Experience turning messy real-world workflows into structured AI problems, including classification, ranking, extraction, decisioning, LLM applications, agents, RAG, tool calling, structured outputs, prompting, or evaluation.
Have built or operated evaluation systems, benchmarks, annotation workflows, experiment tracking, or regression tests for AI systems.
Thrive in ambiguous, high-stakes domains: working with experts, debugging real-world failures, and turning model potential into reliable, correct, safe systems that work for users.

Responsibilities

Design, build, and iterate on agentic AI systems for complex healthcare workflows, including documentation, coding, denial management, appeals, and revenue cycle automation.
Develop long-horizon agent behavior across context construction, retrieval, tool use, memory, routing, verification, escalation, and human-in-the-loop review.

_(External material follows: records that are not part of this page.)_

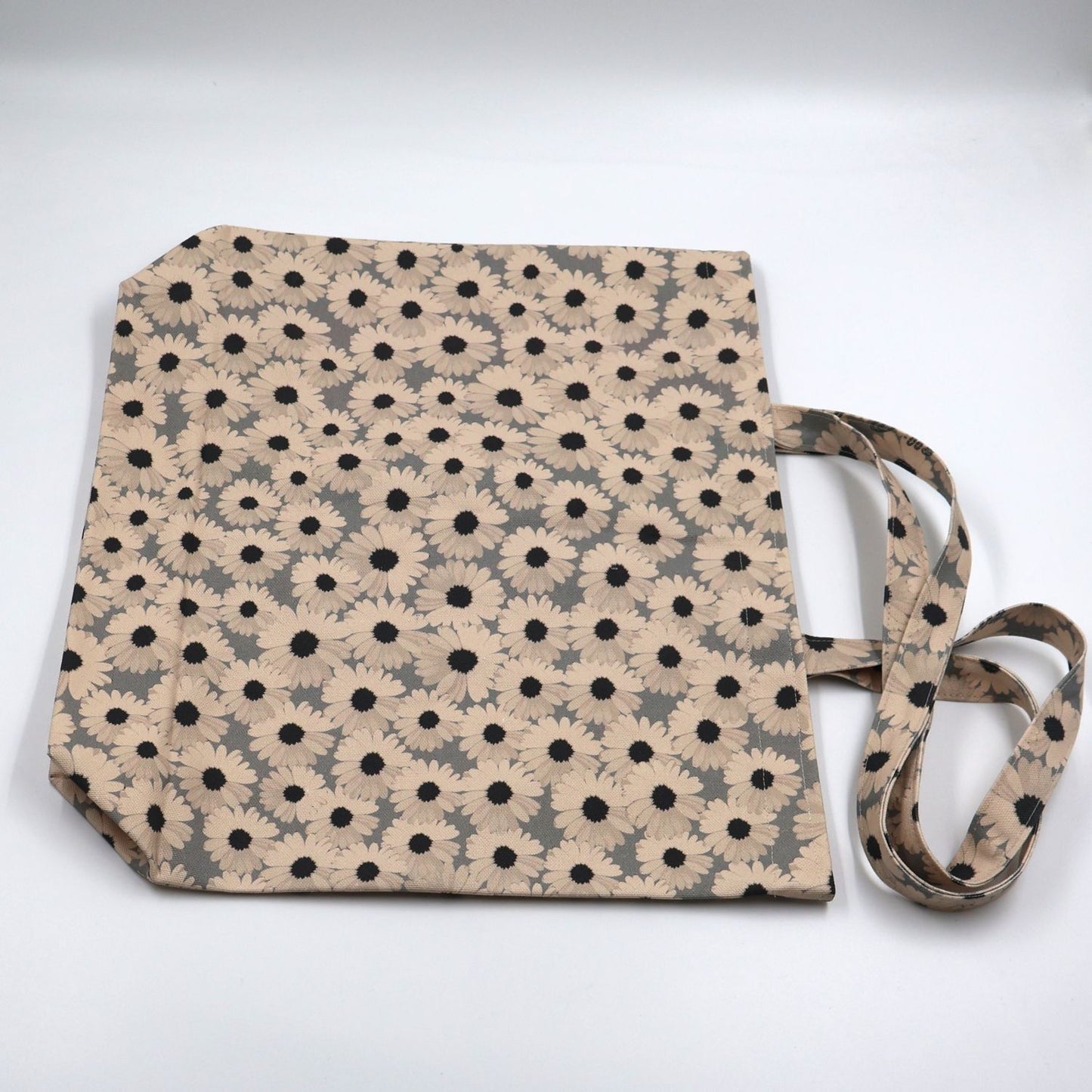 Ocean Slate Tote – Grey Canvas with Beige Daisies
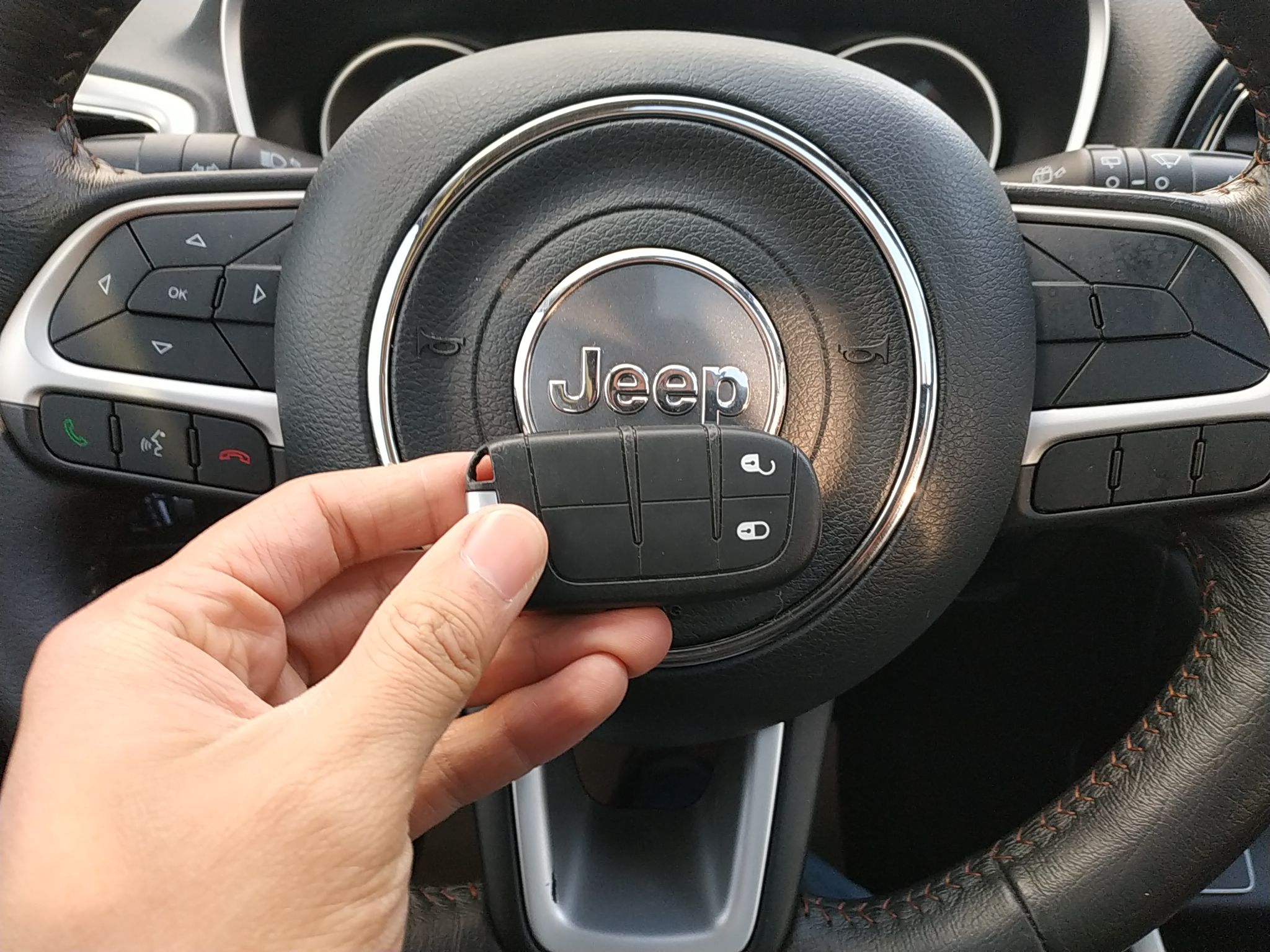 Jeep 指南者 2017款 200T 自动家享版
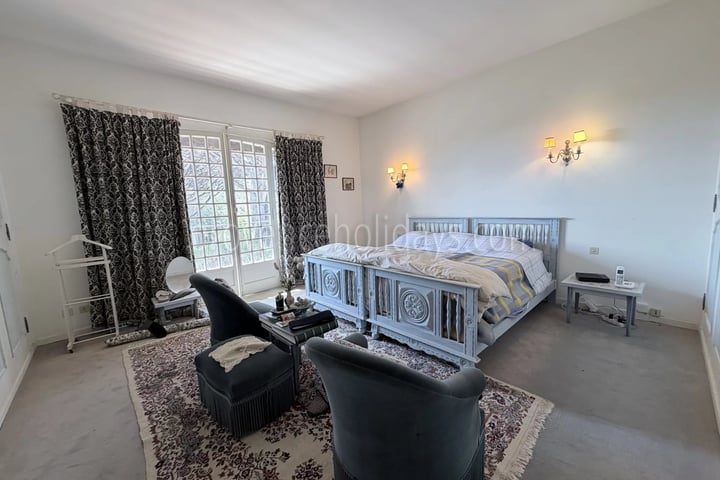 17 - Character bastide in Grimaud: Villa: Bedroom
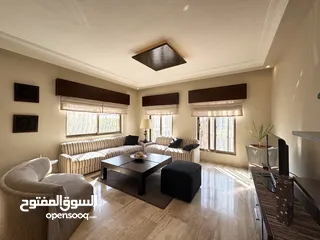  4 شقة مفروشة للإيجار 200م2 ( Property 40418 )-175089930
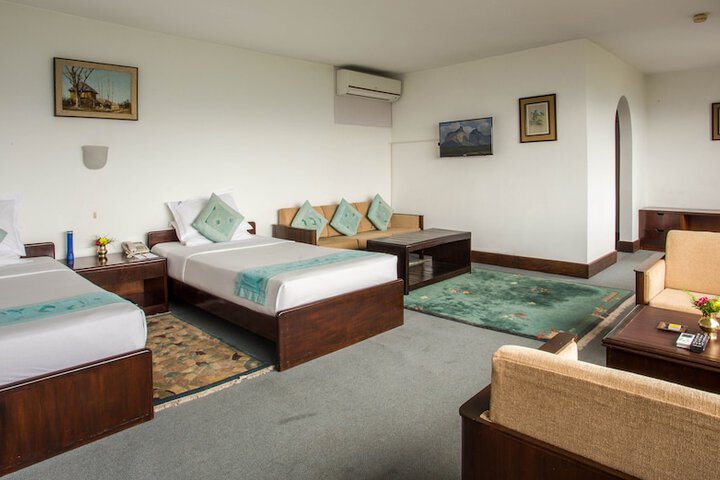 Room 11 of 48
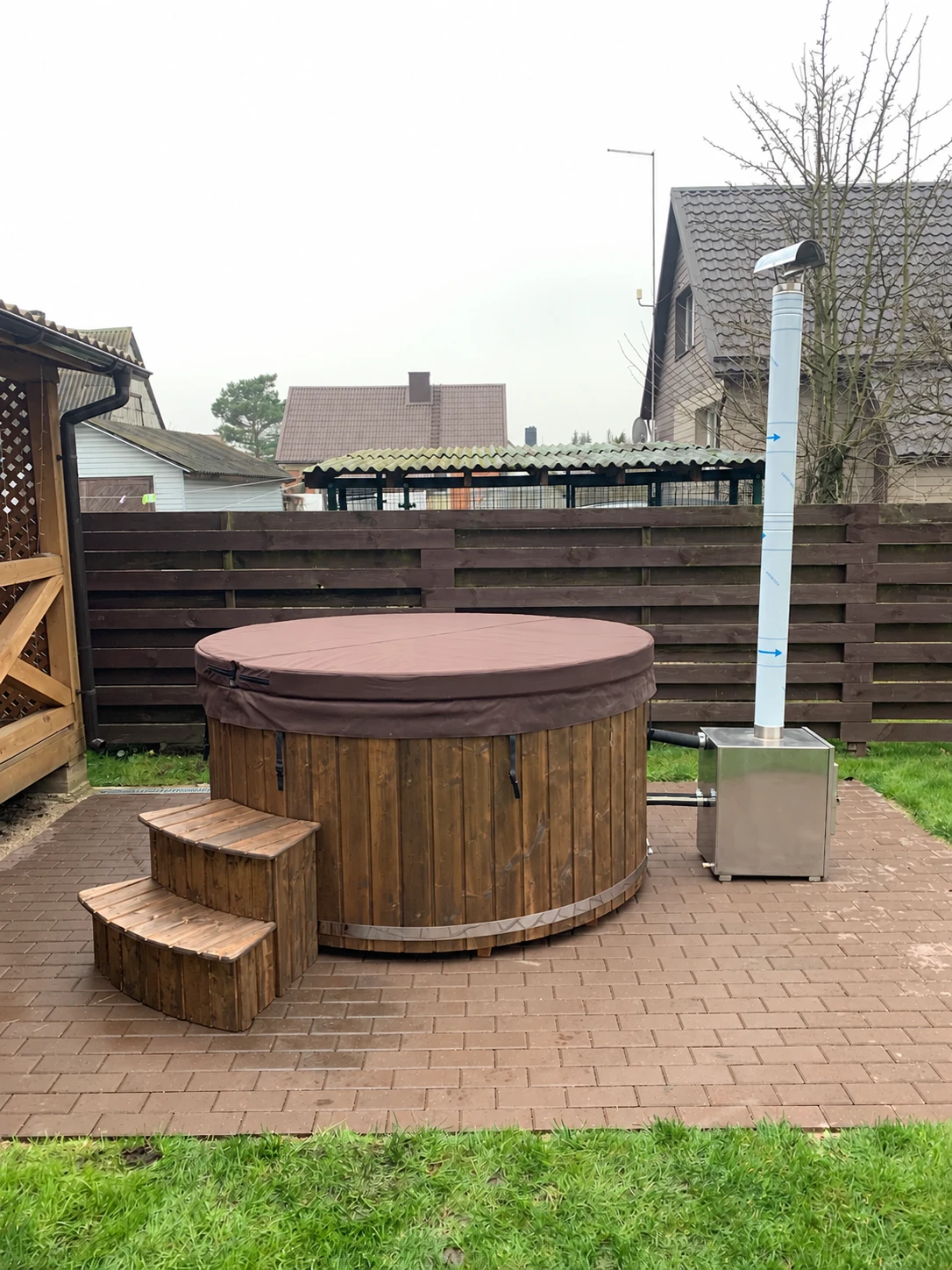 Bain nordique Prime Deep installé dans un jardin, avec marches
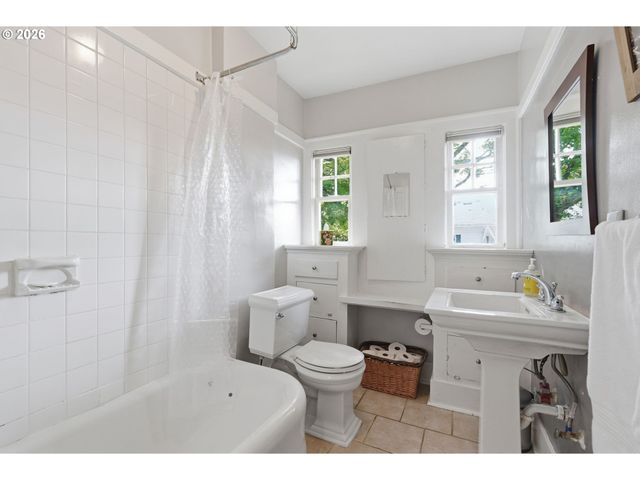 2915 Ne 56TH Ave, Portland, OR 97213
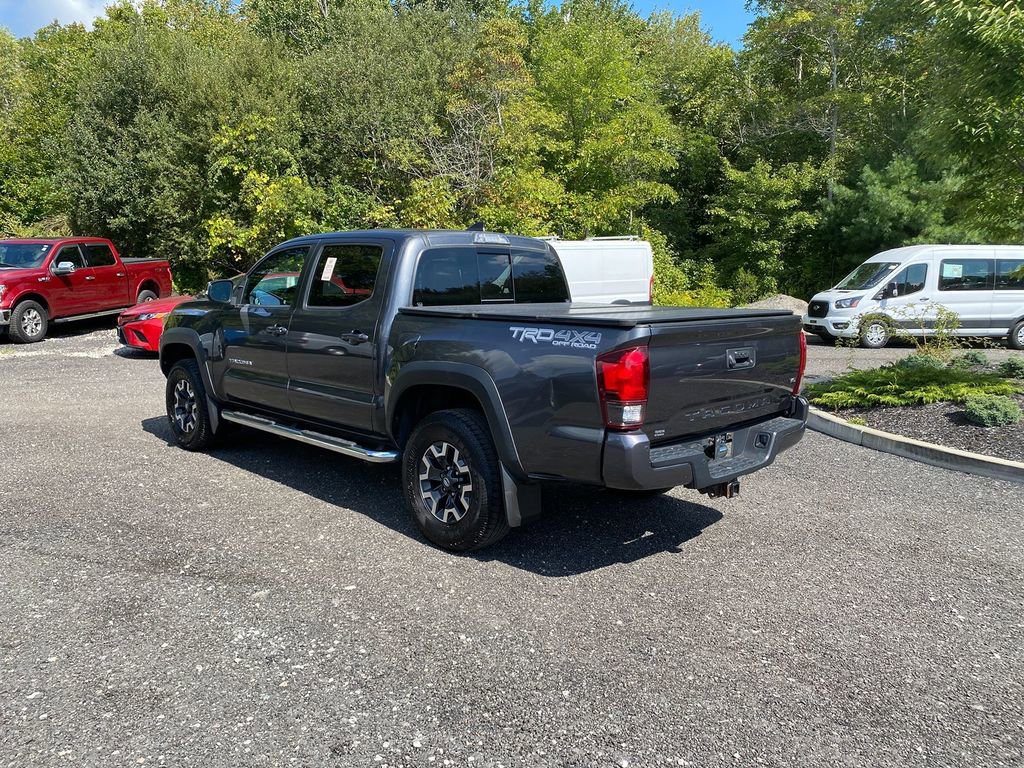 Used 2018 Toyota Tacoma TRD Off-Road w/ Technology Package AWD/4WD image 8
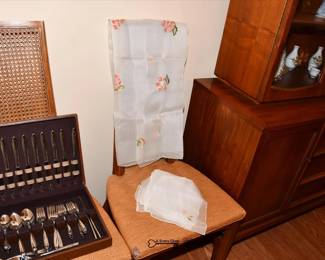 058Dining Room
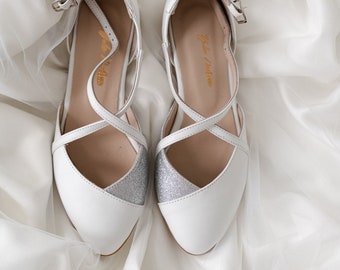 Wedding flats • bridal pumps low heel • white wedding shoes • ballet shoes • gift for her • bridal flats • cross ankle straps • white shoes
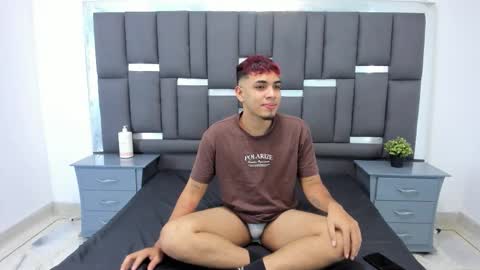 Snapshot of madsenblack chatting on October 11, 12:26 pm madsenblack online show from October 11, 12:26 pm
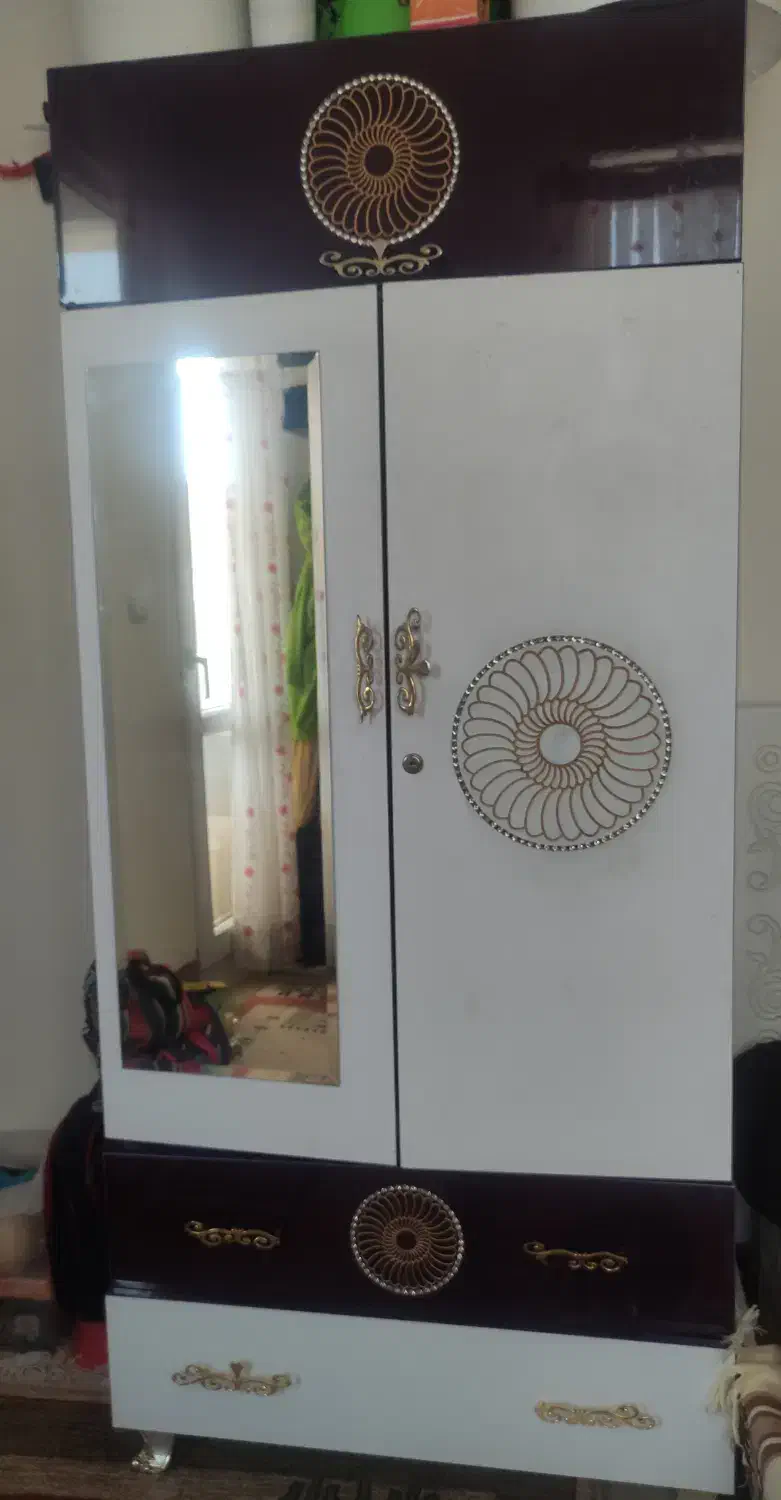 تخت ، کمد ، بوفه|مبلمان خانگی و میز عسلی|محلات, |دیوار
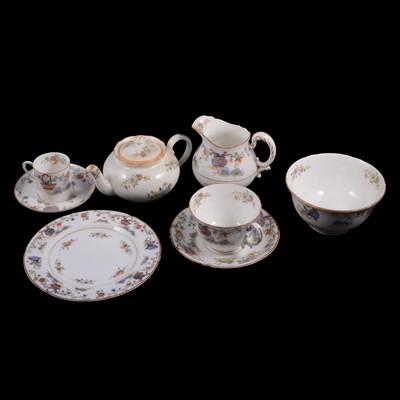 Lot 94 - Royal Worcester Chinese Jardiniere pattern part breakfast service.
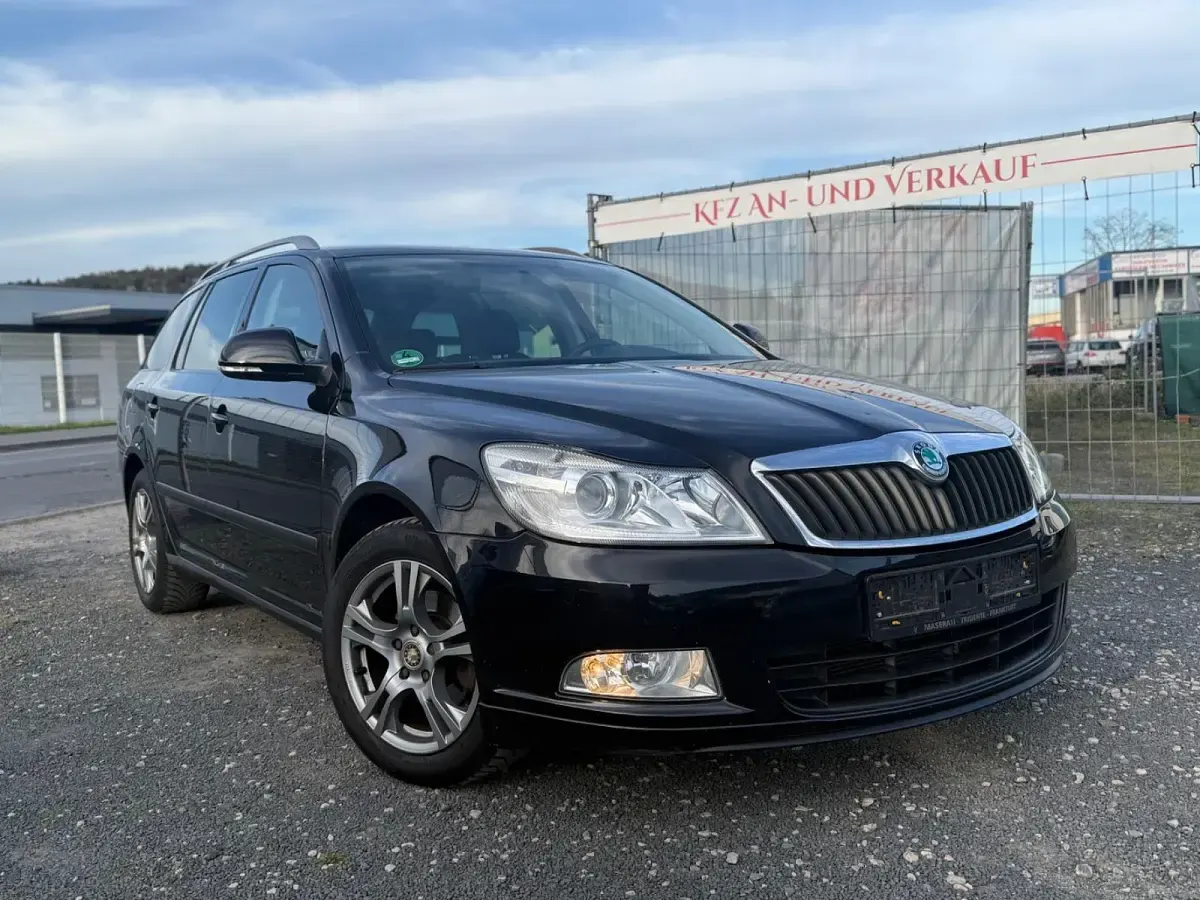 Gebraucht Skoda Octavia 122 PS (89 kW) 2012 Schwarz Kombi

Define what “good” looks like for clinical agents end-to-end, translating expert workflows into specifications, rubrics, gold standards, test cases, and clinically meaningful success criteria.
Build rigorous evaluation and feedback loops using expert review, production logs, model outputs, and benchmarks to measure performance, regressions, edge cases, safety, reliability, provenance quality, and business impact.
Prototype new AI capabilities from 0 → 1, then harden them into reliable, explainable, auditable production systems with clear contracts, monitoring, evidence, rationale, and performance gates.
Partner with research and ML engineering teams on model selection, fine-tuning, reward modeling, distillation, synthetic data, post-training, and internal AI infrastructure, including instrumentation, experiment tracking, benchmarking, prompt/version management, and reproducible evaluation.